The storage (1140) may be removable or non-removable, and includes magnetic disks, magnetic tapes or cassettes, CD-ROMs, CD-RWs, DVDs, or any other medium which can be used to store information and which can be accessed within the computing environment (1100). The storage (1140) stores instructions for the software (1180) implementing the headphone virtualization system 200 using the fast headphone virtualization techniques.
The input device(s) (1150) may be a touch input device such as a keyboard, mouse, pen, or trackball, a voice input device, a scanning device, or another device that provides input to the computing environment (1100). For audio, the input device(s) (1150) may be a sound card or similar device that accepts audio input in analog or digital form, or a CD-ROM reader that provides audio samples to the computing environment. The output device(s) (1160) may be a display, printer, speaker, CD-writer, or another device that provides output from the computing environment (1100).
The communication connection(s) (1170) enable communication over a communication medium to another computing entity. The communication medium conveys information such as computer-executable instructions, compressed audio or video information, or other data in a modulated data signal. A modulated data signal is a signal that has one or more of its characteristics set or changed in such a manner as to encode information in the signal. By way of example, and not limitation, communication media include wired or wireless techniques implemented with an electrical, optical, RF, infrared, acoustic, or other carrier.
The fast headphone virtualization techniques herein can be described in the general context of computer-readable media. Computer-readable media are any available media that can be accessed within a computing environment. By way of example, and not limitation, with the computing environment (1100), computer-readable media include memory (1120), storage (1140), communication media, and combinations of any of the above.
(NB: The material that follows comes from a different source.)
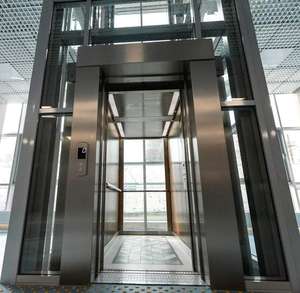 Kalyan  Elevators P Ltd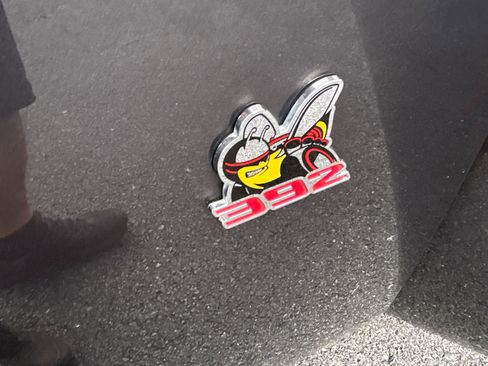 Used 2019 Dodge Challenger R/T Scat Pack image 34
The fast headphone virtualization techniques herein can be described in the general context of computer-executable instructions, such as those included in program modules, being executed in a computing environment on a target real or virtual processor. Generally, program modules include routines, programs, libraries, objects, classes, components, data structures, etc. that perform particular tasks or implement particular abstract data types. The functionality of the program modules may be combined or split between program modules as desired in various embodiments. Computer-executable instructions for program modules may be executed within a local or distributed computing environment.
For the sake of presentation, the detailed description uses terms like “determine,” “generate,” “adjust,” and “apply” to describe computer operations in a computing environment. These terms are high-level abstractions for operations performed by a computer, and should not be confused with acts performed by a human being. The actual computer operations corresponding to these terms vary depending on implementation.
In view of the many possible embodiments to which the principles of our invention may be applied, we claim as our invention all such embodiments as may come within the scope and spirit of the following claims and equivalents thereto.